2
Data Analysis Setup and Execution Guide
szola_m edited this page 2024-04-08 13:17:14 +02:00

Welcome to our data analysis guide designed for the Cristallina projects. This page will walk you through setting up and executing a key part of our data processing, focusing on efficiency and reproducibility.

Our script leverages various Python libraries to manage, analyze, and visualize scientific data effectively.

Prerequisites

Before diving into the script, ensure you have following libraries installed:

Matplotlib NumPy SciPy Pandas Joblib SFData and Our custom library: Cristallina

These can typically be installed via pip, for example:

pip install matplotlib numpy scipy pandas joblib sfdata

Script

%matplotlib widget


import os
import json
from pathlib import Path
from collections import defaultdict, deque
import time
import scipy
import numpy as np
from tqdm import tqdm


import matplotlib
from matplotlib import pyplot as plt
import matplotlib as mpl
import pandas as pd
from matplotlib import cm

import cristallina.utils as cu
import cristallina as cr

from joblib import Parallel, delayed, Memory
from sfdata import SFProcFile, SFDataFile, SFDataFiles, SFScanInfo

memory = Memory(location="/sf/cristallina/data/p21640/work/joblib", compress=2, verbose=2)

import sfdata
import logging

logger = logging.getLogger()

%load_ext autoreload
%autoreload 2

pgroup = "p21640"

Overview of the Script

The script begins by setting up an interactive plotting session with %matplotlib widget, making it easier to interact with plots directly in Jupyter notebooks or similar environments.
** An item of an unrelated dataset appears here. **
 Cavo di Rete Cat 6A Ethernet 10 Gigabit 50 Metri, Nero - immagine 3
Key components of the script include:

Data Loading and Caching: Utilizes joblib for caching results of computation-heavy functions, speeding up repeat analyses.

Data Processing and Visualization: Employs matplotlib for creating plots, numpy and scipy for numerical operations, and pandas for data manipulation.
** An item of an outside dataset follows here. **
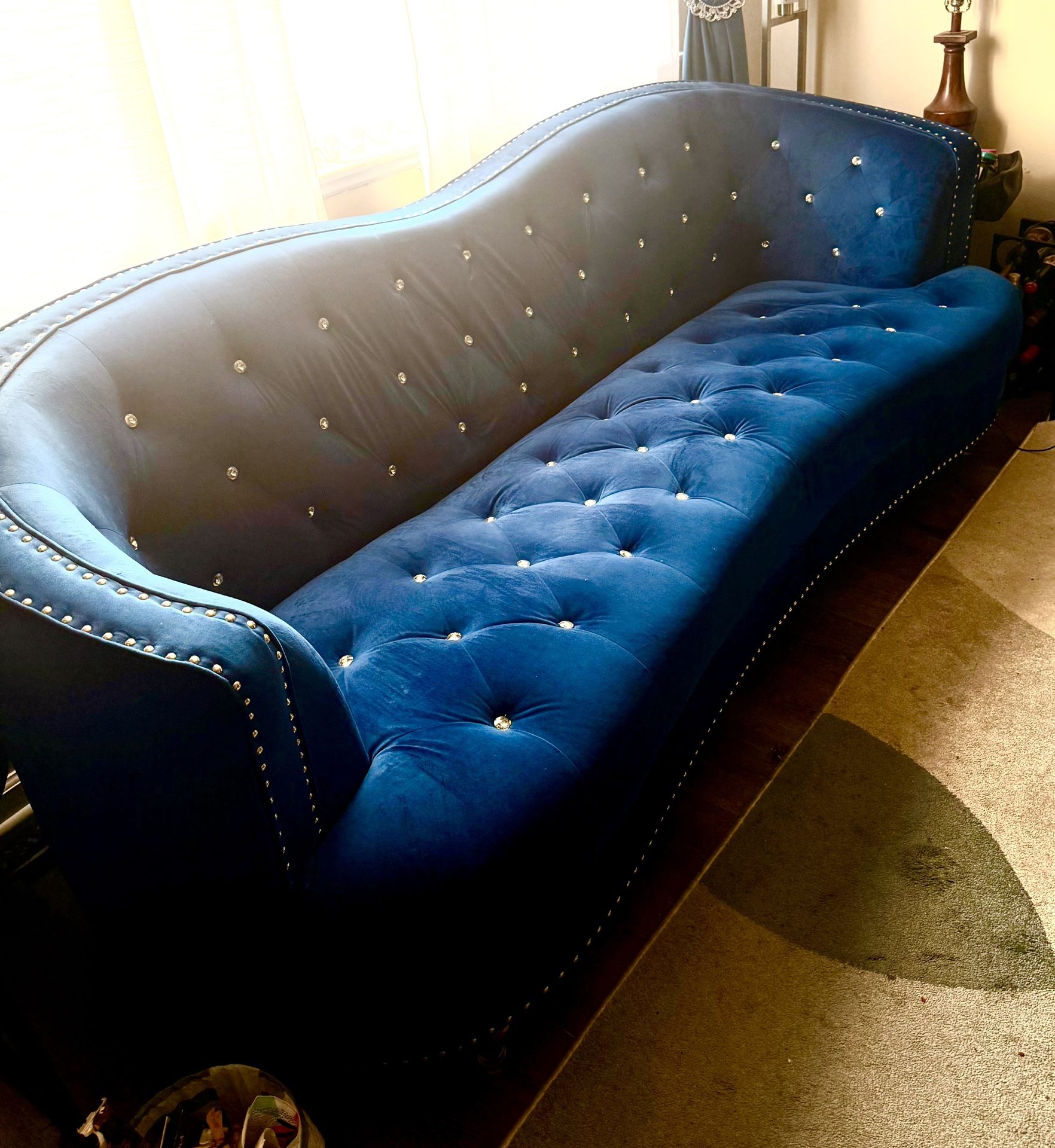 Blue Velvet Studded Sofa And chair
Custom Utilities: Uses cristallina library functions for specific data analysis tasks related to our research.

Step-by-Step Guide:

Step 1: Setting Up Interactive Plotting

To enable interactive plotting in a Jupyter notebook, include the following at the beginning of your script:

%matplotlib widget

Step 2: Importing Libraries

Import the necessary Python libraries as shown in the initial code snippet. This includes both standard libraries like os and json, as well as scientific computing libraries such as numpy and matplotlib.
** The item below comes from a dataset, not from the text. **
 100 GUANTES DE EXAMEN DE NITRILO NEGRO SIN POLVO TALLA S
Step 3: Initialize Logging and Caching

Set up a caching mechanism with joblib to store intermediate results, which can significantly reduce computation time for repeated operations:

from joblib import Memory
memory = Memory(location="/sf/cristallina/data/p21640/work/joblib", compress=2, verbose=2)

Adjust the location parameter to match your directory structure.

Step 4: Data Analysis with Cristallina

The script utilizes custom utilities from the cristallina library for specific data analysis tasks. Ensure you're familiar with its modules and functions for effective use.

Step 5: Processing Data

Leverage the power of numpy, pandas, and matplotlib for analyzing and visualizing data. The script includes examples of loading data, performing computations, and generating plots.

Conclusion

This guide outlines the setup and basic usage of a comprehensive data analysis pipeline using Python. Tailor the script to your specific project needs, focusing on the flexibility and power of the libraries involved. For further customization or troubleshooting, refer to the documentation of the respective libraries or consult with our team.